PURPOSE: As the potential role of genetic testing in disease prevention and management grows, so does concern about differences in uptake of genetic testing across social and racial groups. Characteristics of how genetic tests are delivered may influence willingness to undergo testing and, if they affect population subgroups differently, alter disparities in testing. METHODS: Conjoint analysis study of the effect of 3 characteristics of genetic test delivery (ie, attributes) on willingness to undergo genetic testing for cancer risk. Data were collected using a random digit dialing survey of 128 African American and 209 white individuals living in the United States. Measures included conjoint scenarios, the Revised Health Care System Distrust Scale (including the values and competence subscales), health insurance coverage, and sociodemographic characteristics. The 3 attributes studied were disclosure of test results to the health insurer, provision of the test by a specialist or primary care doctor, and race-specific or race-neutral marketing. RESULTS: In adjusted analyses, disclosure of test results to insurers, having to get the test from a specialist, and race-specific marketing were all inversely associated with willingness to undergo the genetic test, with the greatest effect for the disclosure attribute. Racial differences in willingness to undergo testing were not statistically significant (P=0.07) and the effect of the attributes on willingness to undergo testing did not vary by patient race. However, the decrease in willingness to undergo testing with insurance disclosure was greater among individuals with high values distrust (P=0.03), and the decrease in willingness to undergo testing from specialist access was smaller among individuals with high competence distrust (P=0.03). CONCLUSIONS: Several potentially modifiable characteristics of how genetic tests are delivered are associated with willingness to undergo testing. The effect of 2 of these characteristics vary according to the level of health care system distrust, suggesting that policy decisions about delivery of genetic testing may influence differences in uptake across patient subgroups defined by levels of distrust rather than by race.

Age at diagnosis may trump family history in driving BRCA testing in a population of breast cancer patients.

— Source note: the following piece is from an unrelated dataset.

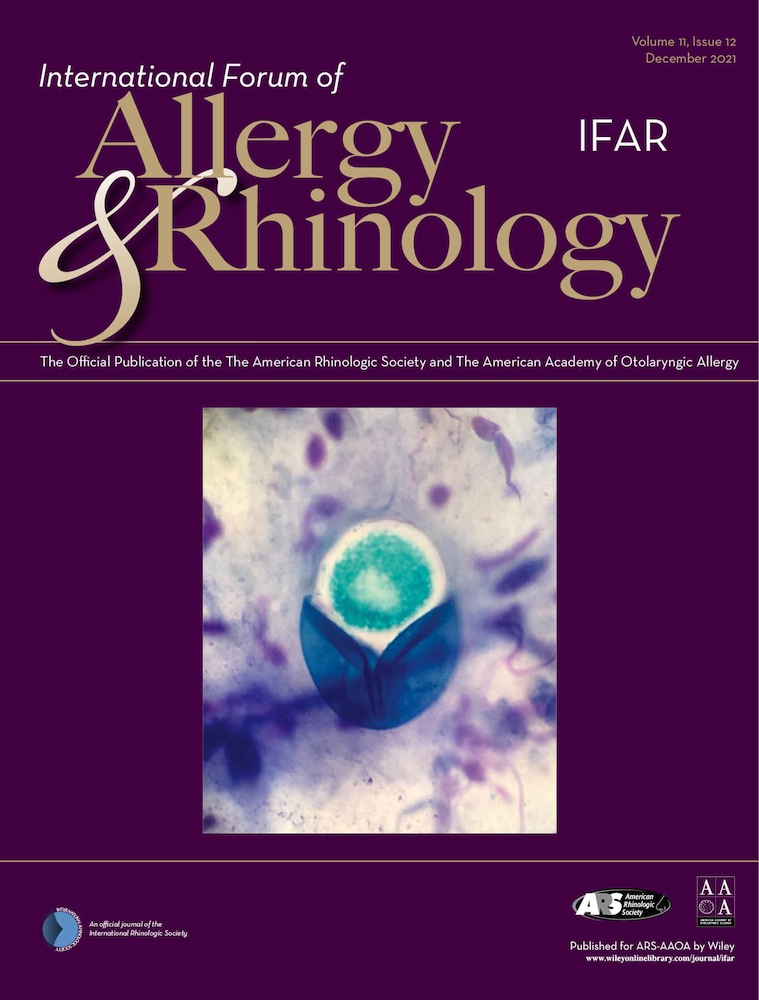 Nasal inflammatory profile in patients with COVID‐19 Olfactory Dysfunction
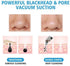 Original Blackhead Remover Pore Vacuum – Deep Pore Suction Cleanser for Face, Nose, T-Zone, Chin, Forehead, Cheeks, Ideal for Home Spa, Daily Routine, Makeup Prep, Travel, and Self-Care Gift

BACKGROUND: Standard BRCA genetic testing criteria include young age of diagnosis, family history, and Jewish ancestry. The purpose of this study was to assess the effect of these criteria on BRCA test utilization in breast cancer patients. METHODS: Breast cancer patients aged 18 to 64 years living in Pennsylvania in 2007 completed a survey on family history of breast and ovarian cancer and BRCA testing (N = 2,213). Multivariate logistic regression was used to estimate odds of BRCA testing by patient characteristics, and predicted probabilities of testing were calculated for several clinical scenarios. RESULTS: Young age at diagnosis (<50 years) was strongly associated with BRCA testing, with women diagnosed before age 50 years having nearly five times the odds of receiving BRCA testing compared to women diagnosed at age 50 or older (OR = 4.81; 95% CI, 3.85-6.00; P < 0.001). Despite a similar BRCA mutation prevalence estimate (8-10%), a young Jewish patient <50 years with no family history had markedly higher predicted probability of testing (63%) compared with an older, non-Jewish breast cancer patient with more than one first-degree relative (43%). CONCLUSION: Age at diagnosis, Jewish ancestry, and both maternal and paternal family history are strongly predictive of BRCA testing. However, among women diagnosed at age 50 or older, family history may be an underused criterion that may benefit from targeted intervention. IMPACT: Robust methods specific to ascertaining detailed family history, such as through electronic medical records, are needed to accurately identify patients for BRCA testing.